What do you guys do about the snails you find in your tanks after putting in plants? Do you leave them in or will that result in a manifestation of the little critters?


----------



## James0816 (Jun 19, 2009)

Depends on you. Do you like them? If so...keep em. If not...remove them now before they get overwhelming.

Either way....if they are pond snails as I suspect they are, they will quickly take over if you let them. You can pick them out when their numbers get large to help control the population.


----------



## JIM (May 27, 2009)

*Some snails are very beneficial in your tank by way of removing algae, but as is mentioned can become overwhelming. Se if you can figure out what type they are, then do a little research, It could be you might decide to let them stay awhile *


----------



## Saprobic (Nov 14, 2008)

If you like having some snails but don't want them to take over I have had some success in the past by introduction of snail predators. Depending on what type of tank you have there are some options. I have used round gobies (an invasive species here that is easy to get but I am unsure about the legality of keeping them), crayfish (very cool critters but will try to eat your fish and will occasionally succeed). There are also a host of very attractive fish that can used to feed on snails. Such as 
Many types of cichlids and discus (Do some research here there are hundreds of them). 
Puffers
Betas
Clown loaches
There are tons more but thats all I can remember off the top of my head right now. 
Oh and if your going to go this route you need to make sure the fish are a litle hungry.

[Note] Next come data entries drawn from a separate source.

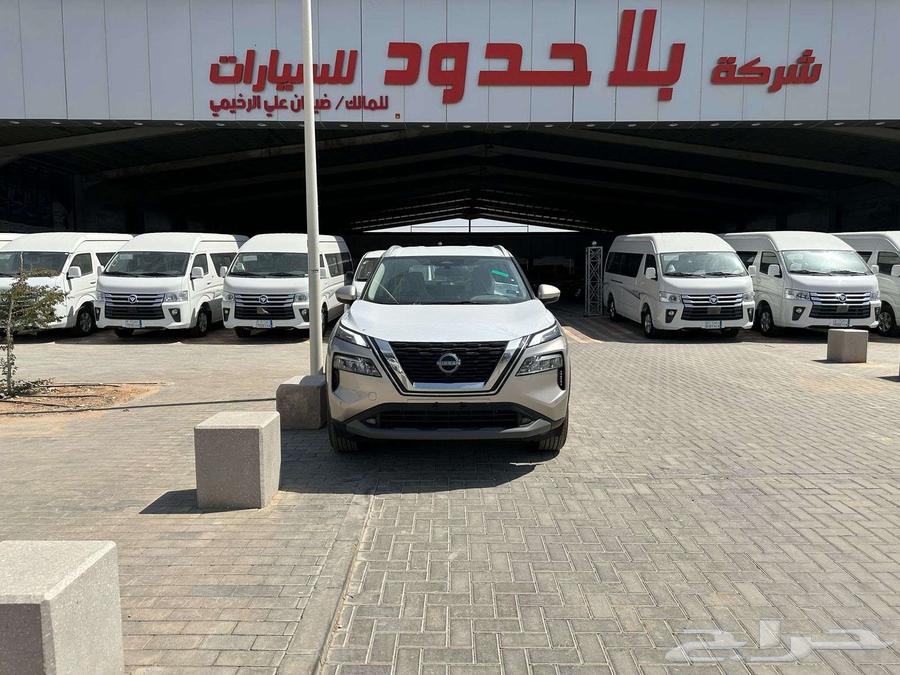 نيسان اكس تريل Sv نص فل سعودي 202564380197613442113
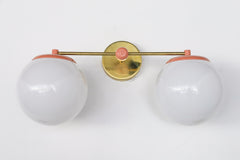 Ernest Sconce with Two Lights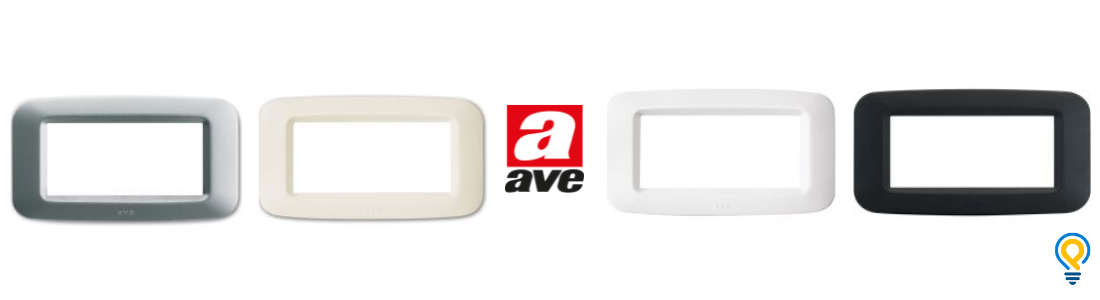 Ave 45 4 modules plates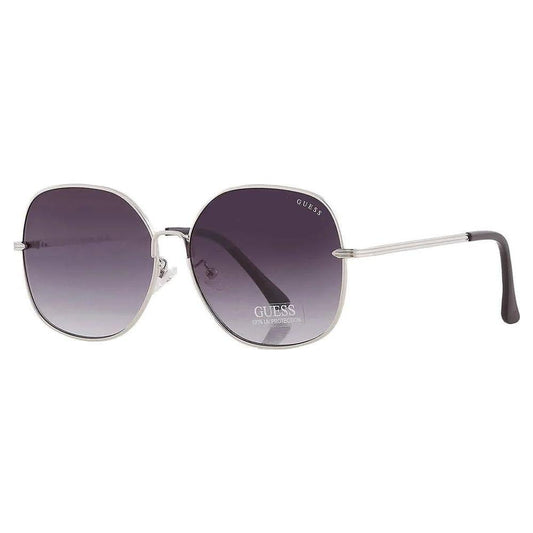 Guess Gray Metal Sunglasses Guess Dim Gray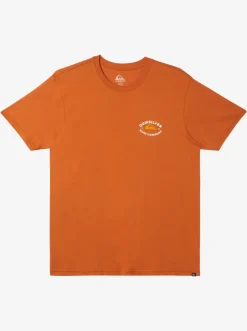 Quiksilver Tees|Stay In Bounds T-Shirt Mango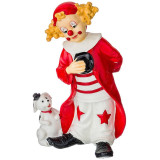 Фигурка " КЛОУН" 9,5*6*17 см. коллекция " БУФФОНАДА" (кор=36шт.) LEFARD 162-632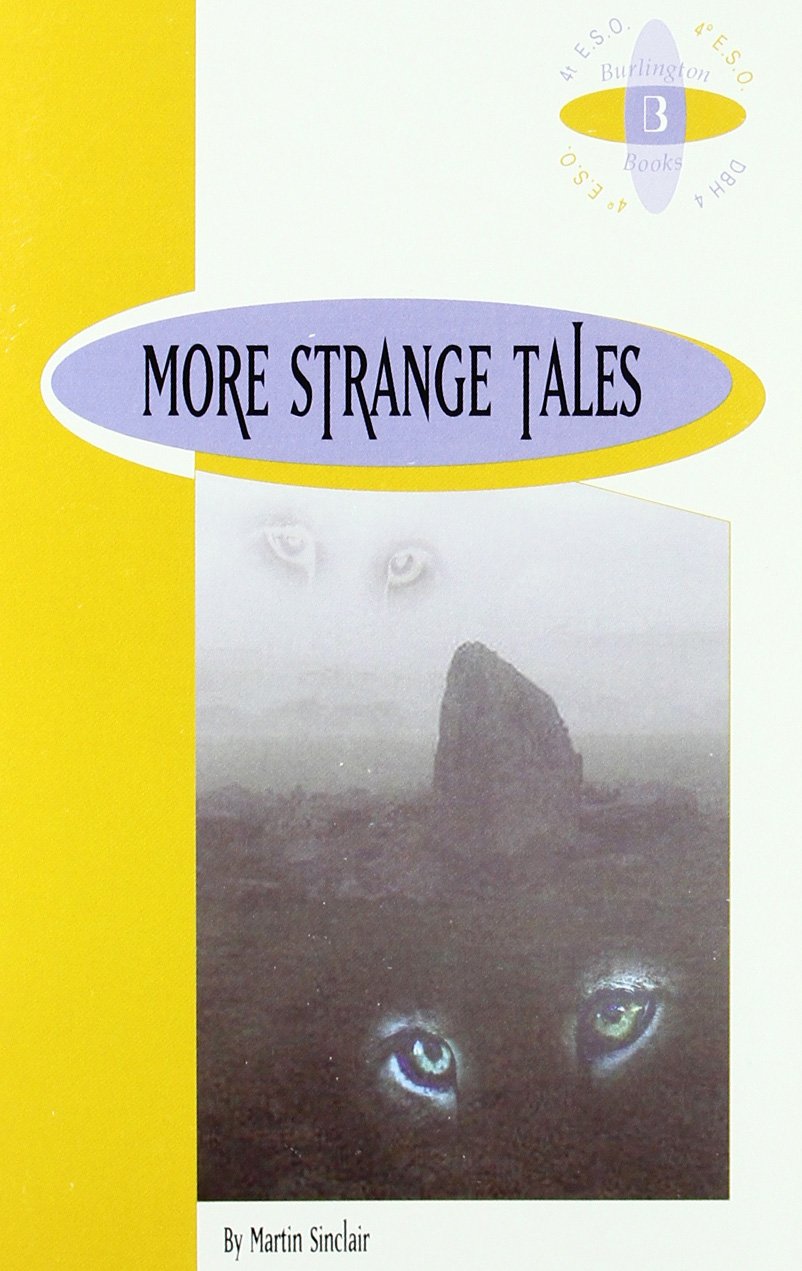 Product Image: MORE STRANGE TALES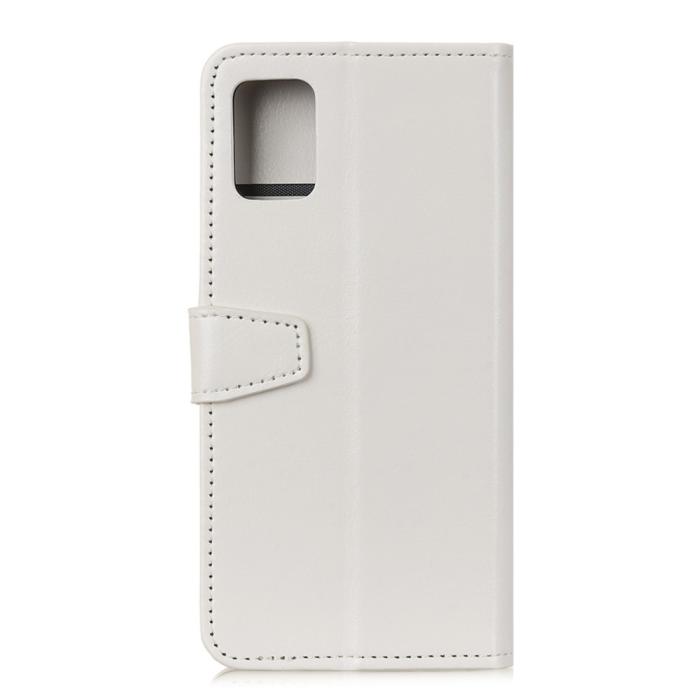 Bild 3, Samsung Galaxy A02s - Crazy Horse Fodral - Vit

Too much prepared food will often make them lazy and they will not touch the snails. 

Good luck.


----------



## jbrianchamberlin (Aug 31, 2009)

Thanks. I love clown loaches so I'll probably get a couple of them once I know my water is okay.


----------



## James0816 (Jun 19, 2009)

jbrianchamberlin said:


> Thanks. I love clown loaches so I'll probably get a couple of them once I know my water is okay.



just ensure to have the proper size and maintained tank for these guys.


----------



## jbrianchamberlin (Aug 31, 2009)

Yeah, I probably can't get them. I have a 75... that's not really big enough for 2 or 3 of them.


----------



## cichlidkeeper (Jul 13, 2009)

i had some clown loaches for this problem, they rid the tank of them in a hurry.


----------



## susankat (Nov 15, 2008)

There are yoyo loaches that can fit into the 75 and do pretty good at eating snails. They usually max out at 4 inches and you can have 3 or 4 in the tank.


----------



## James0816 (Jun 19, 2009)

an army of DPs would do the trick. *Glasses*

Can you imagine what say about 10 of these guys would be like in a 75g? *n1


----------



## susankat (Nov 15, 2008)

Yeah, but what else would you put in there? They aren't exactly fish friendly.


----------



## James0816 (Jun 19, 2009)

put snails in there.


----------